(Information Opens)
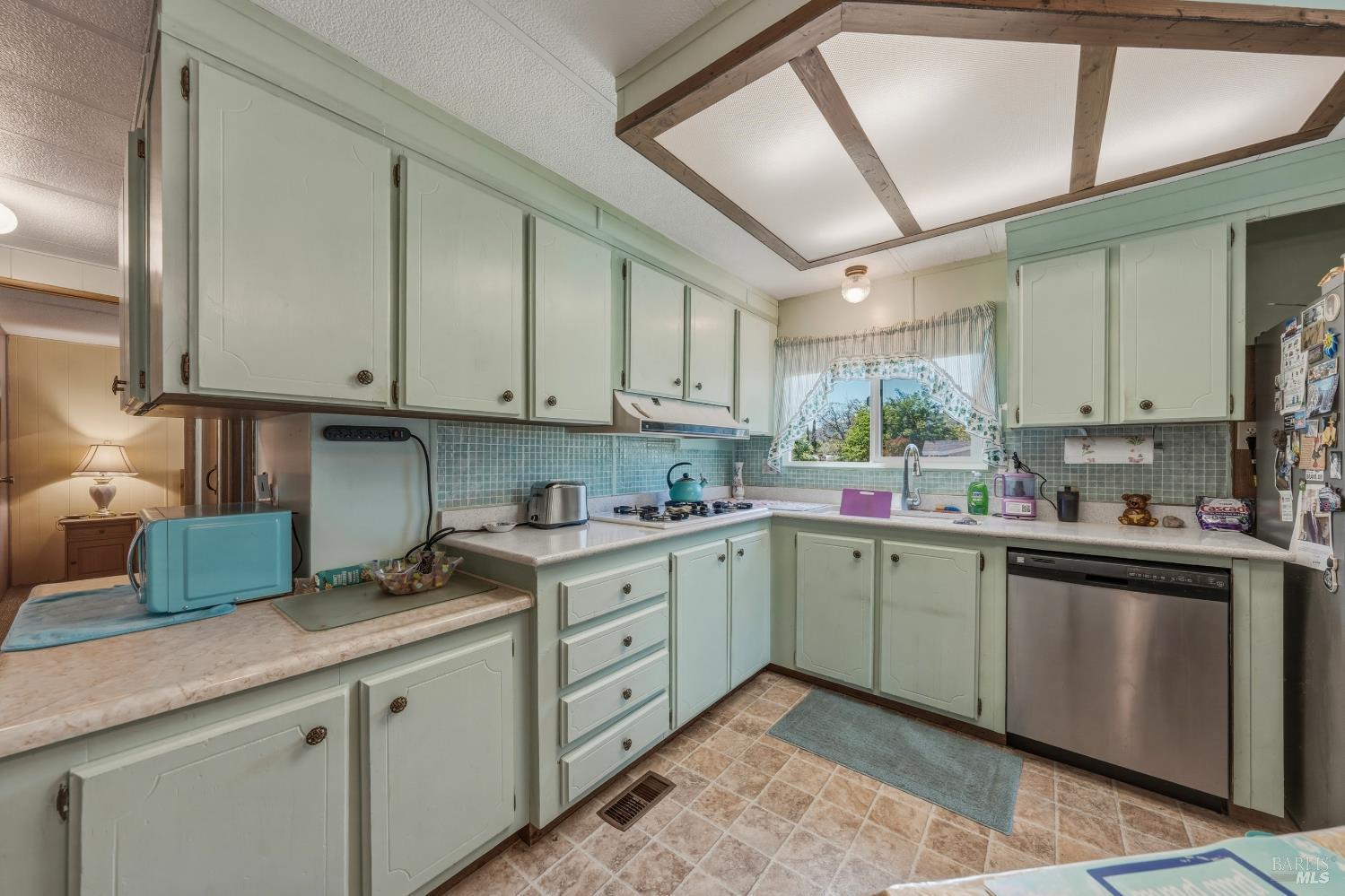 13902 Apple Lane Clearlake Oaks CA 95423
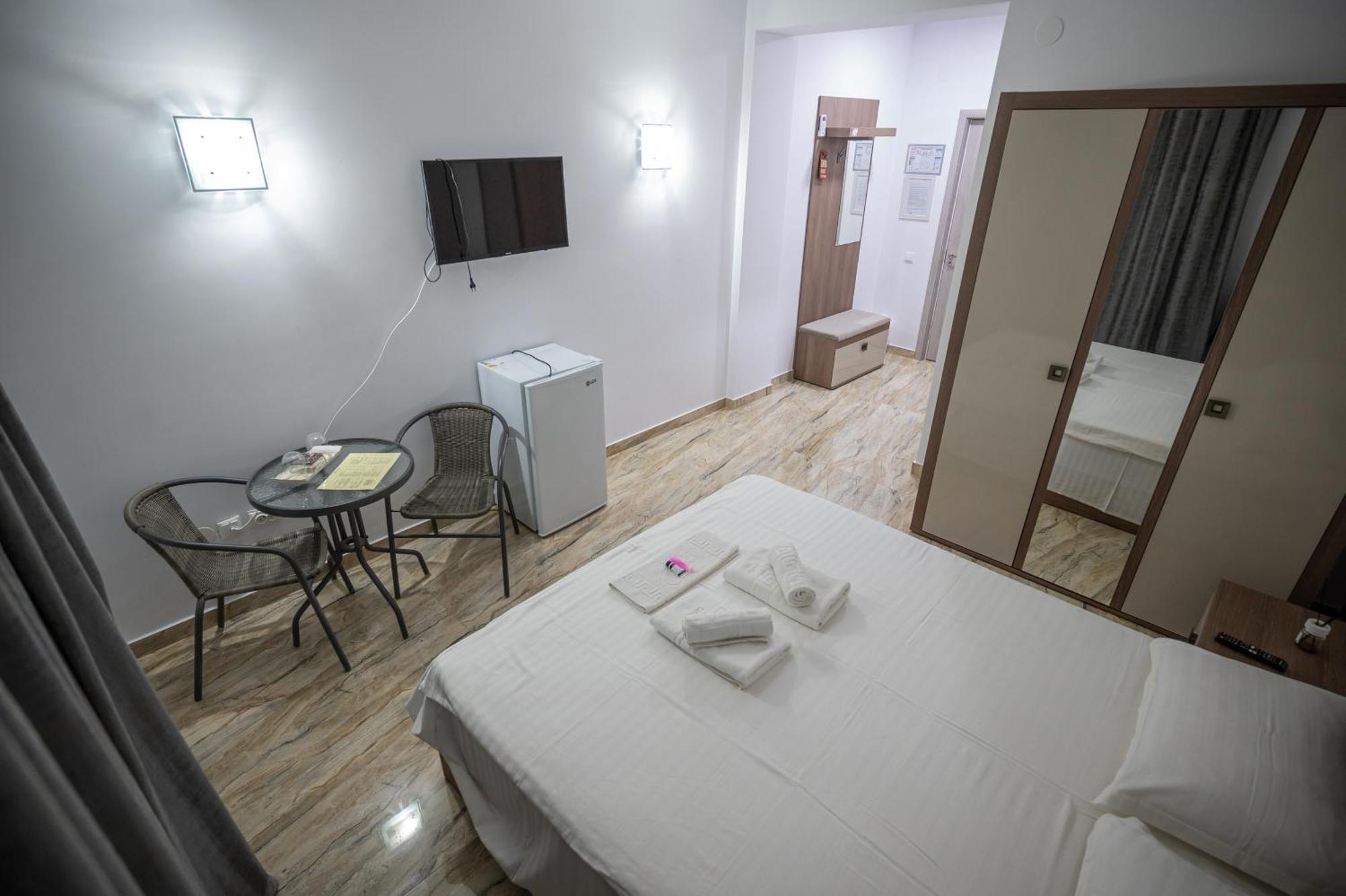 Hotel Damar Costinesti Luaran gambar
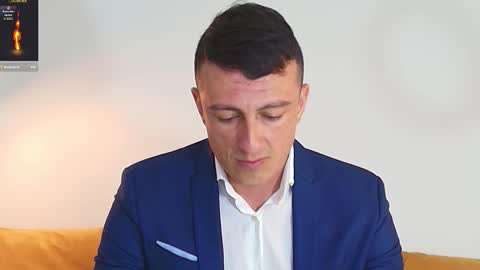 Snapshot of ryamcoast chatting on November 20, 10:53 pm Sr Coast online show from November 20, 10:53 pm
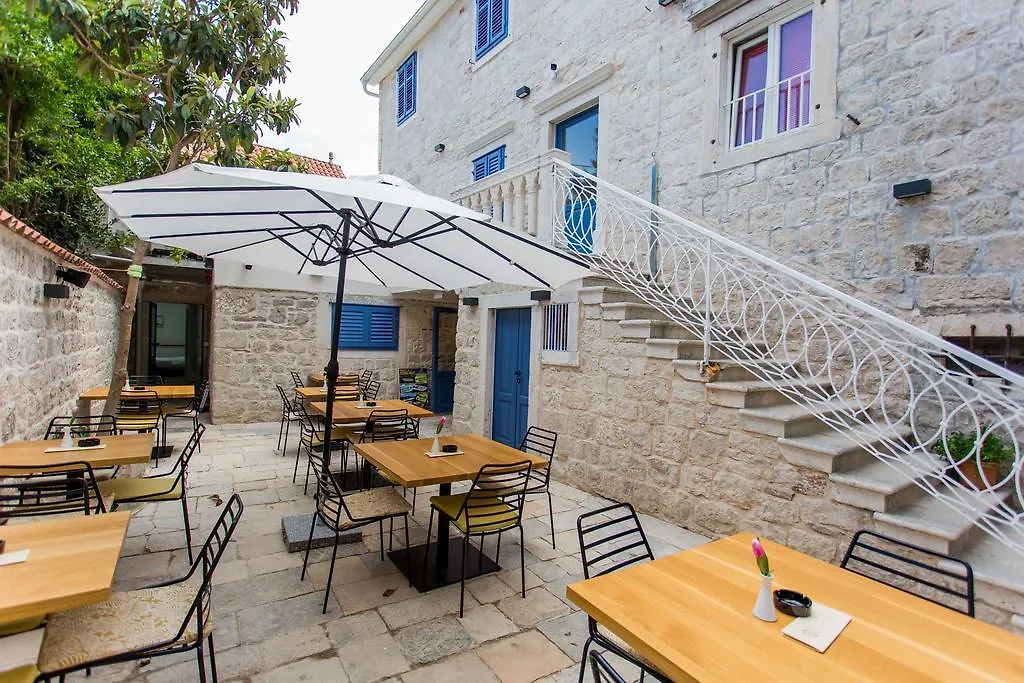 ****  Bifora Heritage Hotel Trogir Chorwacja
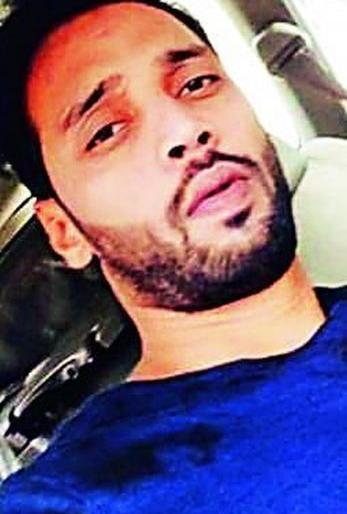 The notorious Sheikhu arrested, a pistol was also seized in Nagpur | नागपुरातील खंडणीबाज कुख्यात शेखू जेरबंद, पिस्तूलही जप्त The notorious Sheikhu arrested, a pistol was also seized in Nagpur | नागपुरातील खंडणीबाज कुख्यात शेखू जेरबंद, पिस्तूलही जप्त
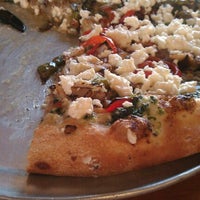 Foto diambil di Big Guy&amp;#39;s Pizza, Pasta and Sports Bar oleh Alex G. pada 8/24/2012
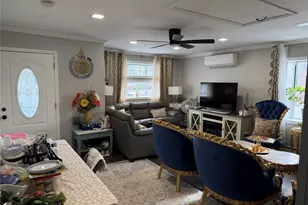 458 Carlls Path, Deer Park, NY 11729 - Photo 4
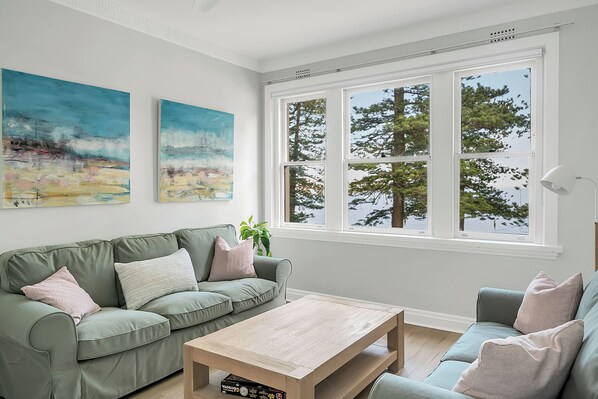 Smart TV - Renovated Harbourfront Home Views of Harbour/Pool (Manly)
(Information Closes)
### [What you need to do]
Give the entries back verbatim and omit the images.

### [Result of the task]
 13902 Apple Lane Clearlake Oaks CA 95423
 Hotel Damar Costinesti Luaran gambar
 Snapshot of ryamcoast chatting on November 20, 10:53 pm Sr Coast online show from November 20, 10:53 pm
 ****  Bifora Heritage Hotel Trogir Chorwacja
 The notorious Sheikhu arrested, a pistol was also seized in Nagpur | नागपुरातील खंडणीबाज कुख्यात शेखू जेरबंद, पिस्तूलही जप्त The notorious Sheikhu arrested, a pistol was also seized in Nagpur | नागपुरातील खंडणीबाज कुख्यात शेखू जेरबंद, पिस्तूलही जप्त
 Foto diambil di Big Guy&amp;#39;s Pizza, Pasta and Sports Bar oleh Alex G. pada 8/24/2012
 458 Carlls Path, Deer Park, NY 11729 - Photo 4
 Smart TV - Renovated Harbourfront Home Views of Harbour/Pool (Manly)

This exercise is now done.